That afternoon I visited Ronnie at home, and his mother served tea and biscuits and buttered bread in the parlor with its fireplace and piano and comfortable furniture and Ronnie's trophies everywhere. Ronnie's father brought out some of the letters he had received after Ronnie's victory, and among the letters was one from Eamon de Valera, the former head of the Irish government, who lives not far away from the Delanys. In his letter Mr. De Valera compared Ronnie's great victory to the exploits of Matt Donovan, the legendary Irish plowman celebrated for his ability to plow a furrow straighter than a straight line. Like Matt, said Mr. De Valera, Ronnie had won "for the credit of the little village."

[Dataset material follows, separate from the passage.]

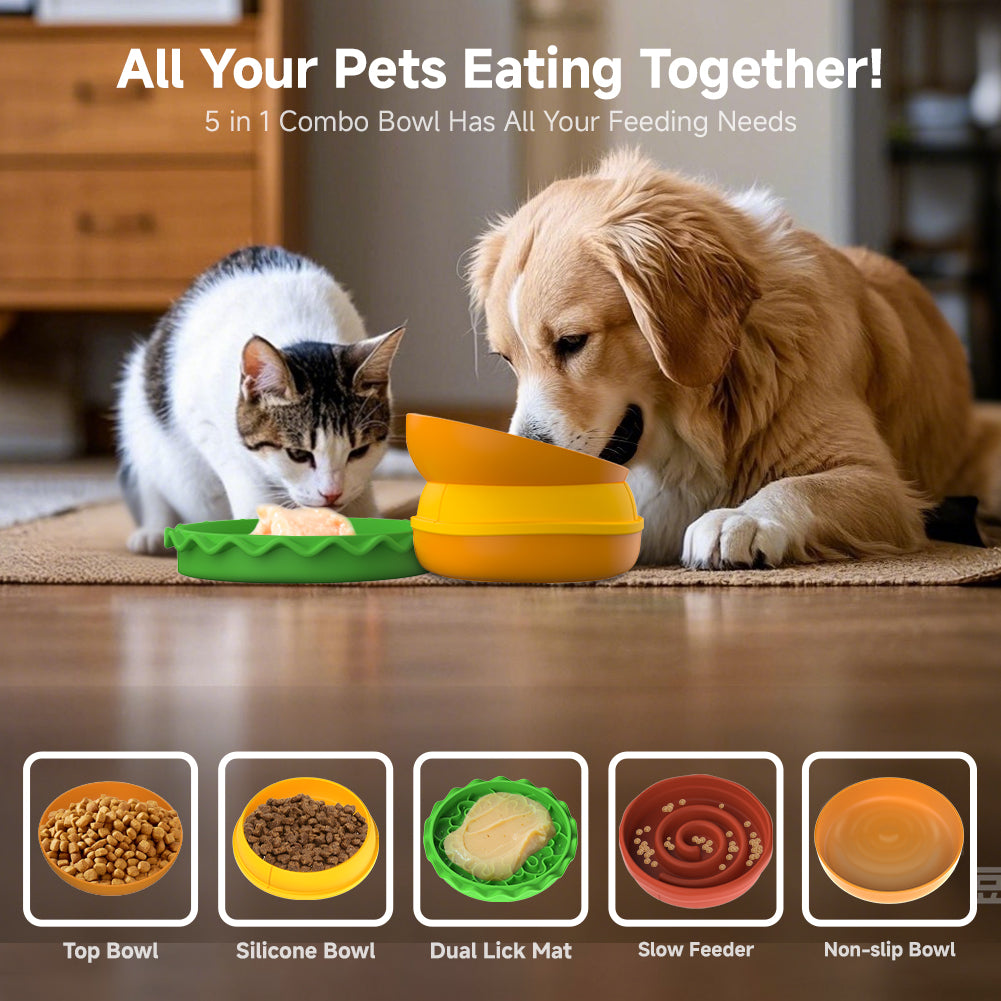 Multi-Layer Hamburger Pet Bowl for Cats and Dogs - 5-in-1 Combination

I remembered to ask Ronnie if he had, indeed, ordered Billy Morton from the house when he first suggested the running of the mile in a Dublin meet.

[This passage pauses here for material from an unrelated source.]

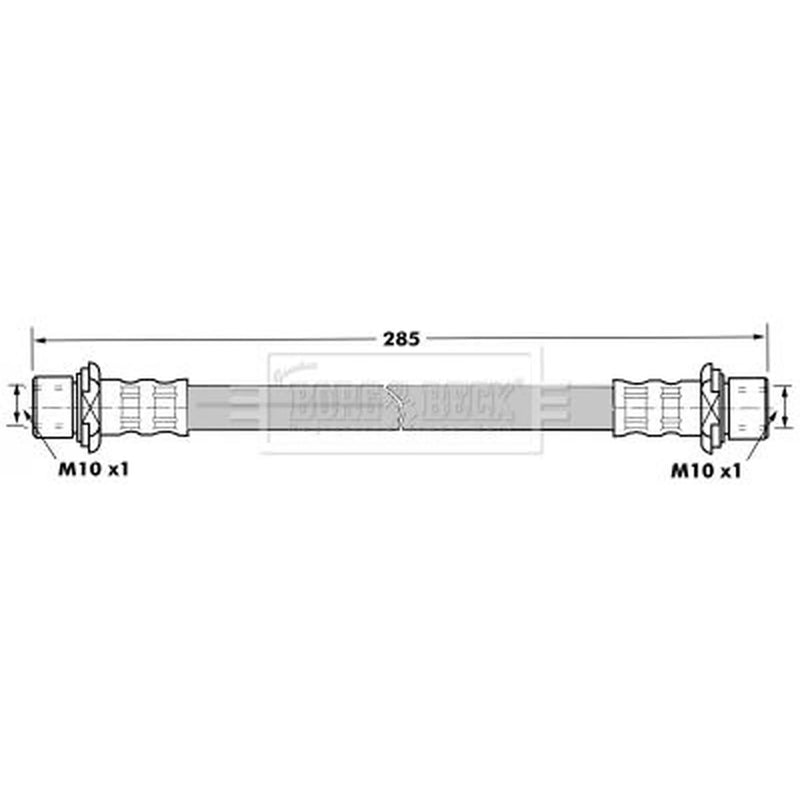 Borg & Beck Brake Hydraulic Hose Line Rear BBH7223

"Ah, yes," laughed Ronnie, "I remember, I told him I didn't want to hear any such nonsense, and I sent him out of the house. Well, Billy went over in a flash to see Daddy and when Daddy came home he asked me to run it and I refused again. He insisted and I said, 'That's all very well for you to say, Da', but I've got to do the running.' Well, Da' kept at me and finally I decided to run the thing.
"But the funny thing was that Elisabeth and I had been dancing every night for a week when the day of the race came and I was pretty tired. But didn't it lash rain and the race have to be postponed for two days? By that time I was well rested and ran the 4:05.8 for a new Irish record. And I felt very good doing it, too."

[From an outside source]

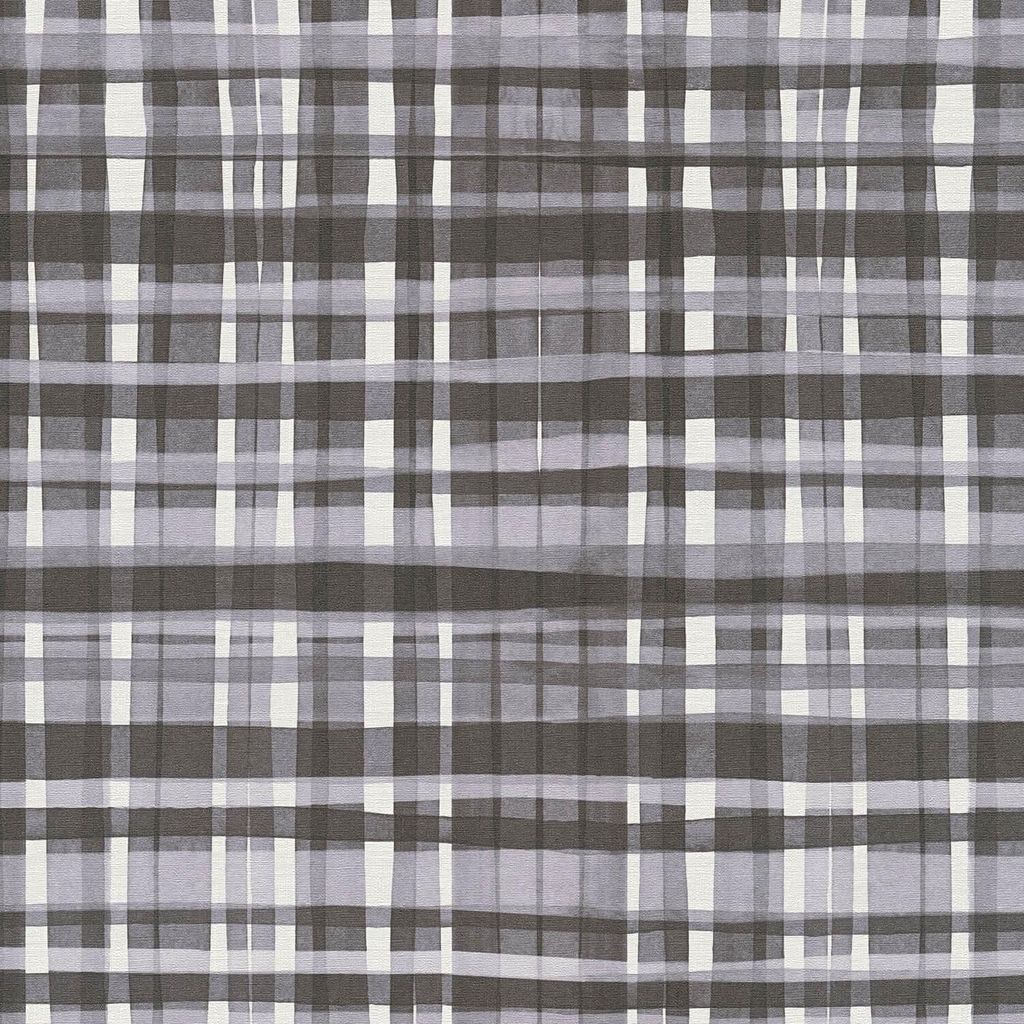 Profhome 782244-GU Grafik Tapete Kariert matt creme schwarz weiß grau 5,33 m2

Ronnie's brother Joe came in with his pretty, rosy-cheeked girl friend Markie O'Callaghan, and they presented Ronnie with a big leather-bound scrapbook stamped in gold letters: "Ronnie's Great Day." Furthermore, knowing how busy Ronnie would be with his studies and his running, they volunteered to keep it up for him. Ronnie thanked them profusely and then remembered he had something himself to show them all. He went and got it, and what was it but a black tie embroidered with a golden wreath, in the center of which appeared the legend "4 M.M." Ronnie said Roger Bannister had sent it, and others like it to the eight other four-minute milers.
Then it was time for Ronnie to go, for he had a date with Elisabeth, of course, and at the door he waved and said, "God bless."
Ronnie and Elisabeth were on the go all the time. One night they went to see Bing Crosby and Frank Sinatra in High Society and another night to Oklahoma!. At the latter, Ronnie was recognized as he came in, and the whole audience started cheering, and nothing would do but for him to go up on the stage and say a few words. Afterward, the manager came to his seat and whispered that he had better leave a few minutes early to avoid a mob scene. Another evening Ronnie took Elisabeth to see the variety bill at the Gaiety and he said "it gave me a queer feeling" when, in one of the skits, the comedian kept telling his wife to run and get this and that until she finally exclaimed: "It's always run here and run there. Who do you think I am—Ronnie Delany?"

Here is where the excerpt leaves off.